Dans quatre autres jardineries, le personnel de vente a présenté à notre enquêteur des préparations à base d’acide pélargonique ou d’acide acétique. Or, bien qu’ils n’aient pas défrayé la chronique comme le glyphosate, ces composants sont également proscrits sur les terrasses et, à ce titre, n’auraient pas dus être conseillés.
Les do-it, un brin plus «écolo»
Lorsque la dernière polémique autour du glyphosate a éclaté il y a environ un an, les deux géants Migros et Coop avaient retiré de la vente tous les herbicides à base de ce composant décrié. La FRC salue l’effort, mais déplore le fait que, dans le cadre de cette enquête, les vendeurs ont ignoré l’interdiction d’usage des produits à base d’acide pélargonique sur les terrasses. Chez Jumbo, le personnel a également proposé à notre client mystère un produit à base d’acide pélargonique.
Quant à Hornbach, il marque un point, en ayant proscrit le glyphosate de son assortiment. Par ailleurs, il propose un biocide qui échappe pour l’instant aux restrictions d’usage appliquées aux produits phytosanitaires. Toutefois, relevons que cette substance est en cours de réévaluation dans l’Union européenne, et que notre législation en matière de biocides se calque sur celle de l’UE. Au final, Landi est la seule chaîne à avoir présenté du Roundup sans aucune sensibilité écologique, ni aucune précaution d’usage.
Les carences observées en matière d’information dans les magasins spécialisés confortent la FRC dans sa position. Notre association continue d’exiger l’interdiction pure et simple du glyphosate sur la base du principe de précaution. Pour rappel, en mars 2015, le Centre international de recherche sur le cancer (CIRC) classait le glyphosate dans les substances potentiellement cancérogènes. Cette annonce avait toutefois été contredite, en novembre 2015, par une réévaluation de l’Autorité européenne de sécurité des aliments (Efsa).

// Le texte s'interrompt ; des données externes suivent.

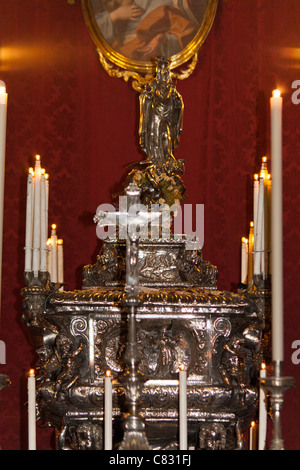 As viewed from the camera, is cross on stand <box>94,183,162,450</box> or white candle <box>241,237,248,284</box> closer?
cross on stand <box>94,183,162,450</box>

Or, selon Barbara Pfenniger, qui suit ce dossier de près à la FRC, l’étude du CIRC aurait davantage de crédit car les experts ont analysé l’effet des herbicides à base de glyphosate auxquels les consommateurs sont effectivement exposés. De plus, l’Efsa a elle-même reconnu que l’effet du glyphosate pourrait être augmenté par les autres composants présents dans les produits.
Par ailleurs, notre enquête démontre qu’une régulation par la branche est illusoire. Certaines jardineries ont d’ailleurs relevé la difficulté de renoncer à ces produits, tant qu’ils sont autorisés, alors que la clientèle les demande et qu’il lui suffit de se servir au rayon. Qui peut ensuite vérifier comment ils sont utilisés?
Recettes d’antan
Se passer d’herbicides signifie retrousser ses manches et revenir aux bonnes vieilles méthodes d’arrachage des mauvaises herbes, en prenant soin d’éliminer les racines. Il existe aussi quelques alternatives, telles que brûleur à gaz, eau brûlante, air comprimé, balai à adventices, etc. Et la sagesse voudrait aussi que l’on tolère quelques herbes folles, au profit de l’environnement et de notre santé. Surtout lorsque l’on sait, sur la base d’une enquête récente de A Bon Entendeur, que la présence de glyphosate a été détectée dans l’urine de 40% des Romands testés!